(WORK TO COMPLETE):
What is needed is an exact reproduction of the lines in the records below, starting at the line with "NWT (Size 8)" and ending at the line with "Electrical services website", both included, and nothing else; pictures stay out.

[SOURCE RECORDS]

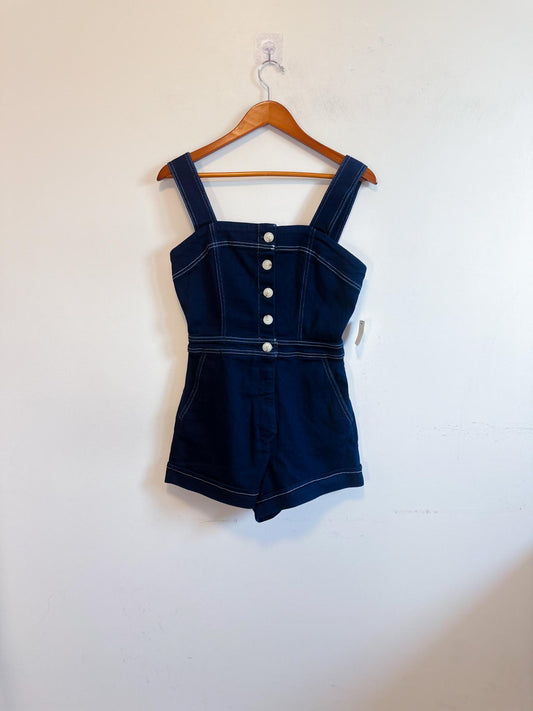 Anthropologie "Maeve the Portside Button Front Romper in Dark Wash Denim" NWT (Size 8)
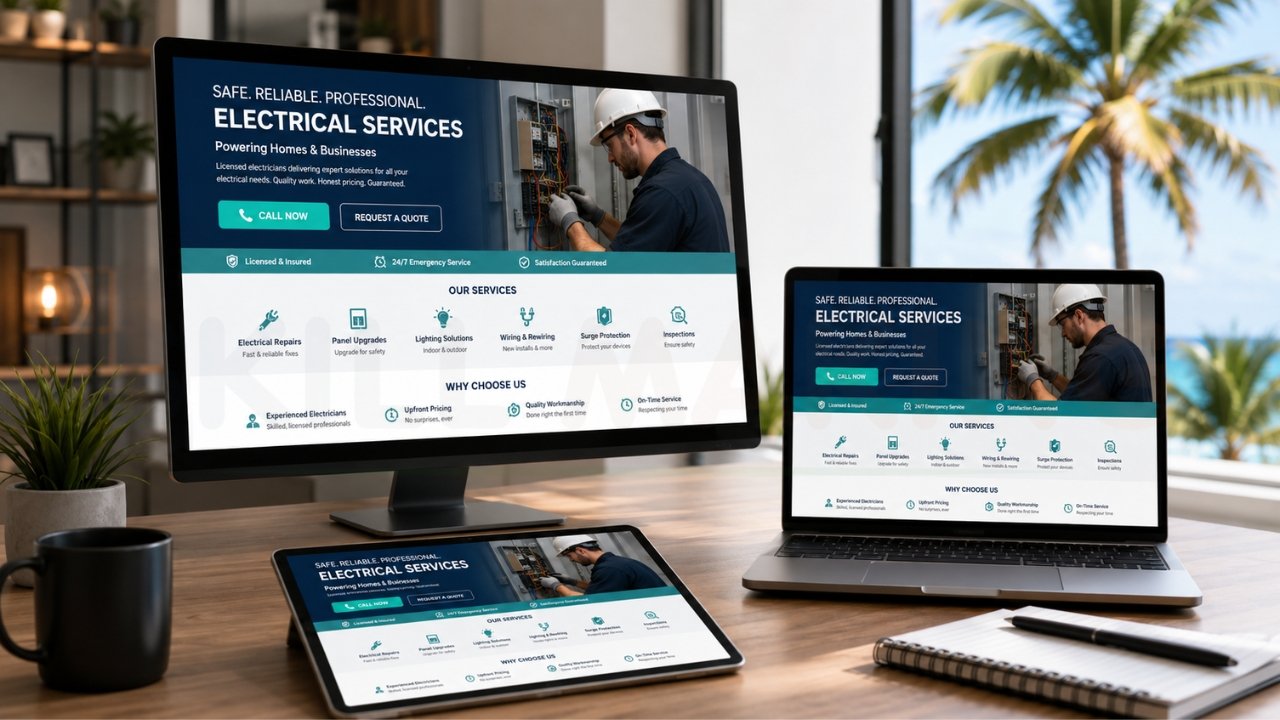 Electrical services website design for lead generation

[/SOURCE RECORDS]
[SOURCE RECORDS]

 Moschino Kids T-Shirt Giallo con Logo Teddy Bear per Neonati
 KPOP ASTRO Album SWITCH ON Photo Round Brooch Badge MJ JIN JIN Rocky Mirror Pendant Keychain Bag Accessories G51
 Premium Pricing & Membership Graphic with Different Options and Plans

[/SOURCE RECORDS]
[SOURCE RECORDS]

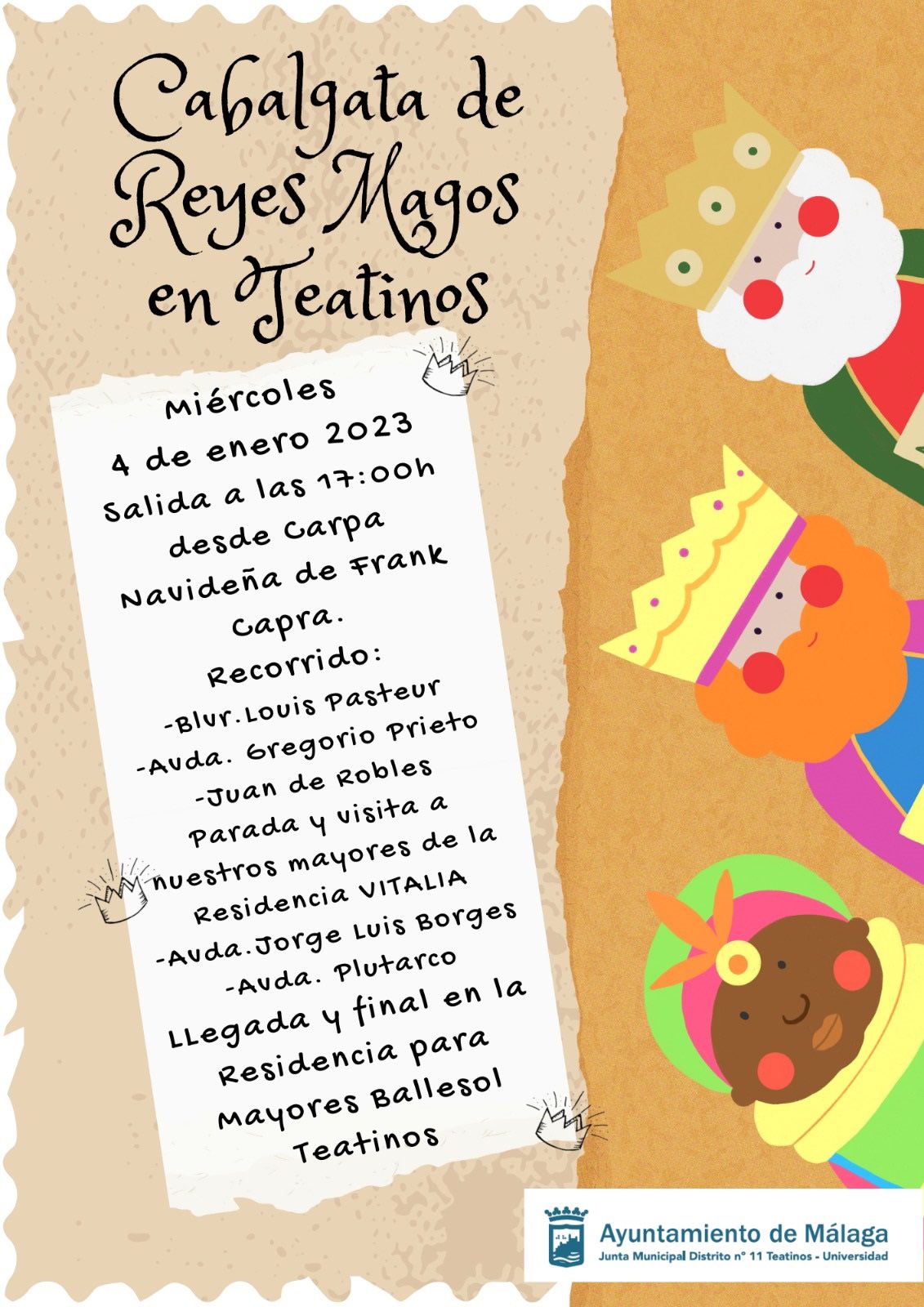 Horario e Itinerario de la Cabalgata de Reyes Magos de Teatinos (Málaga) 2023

[/SOURCE RECORDS]

(ANSWER TO THIS PROBLEM):
 Anthropologie "Maeve the Portside Button Front Romper in Dark Wash Denim" NWT (Size 8)
 Electrical services website design for lead generation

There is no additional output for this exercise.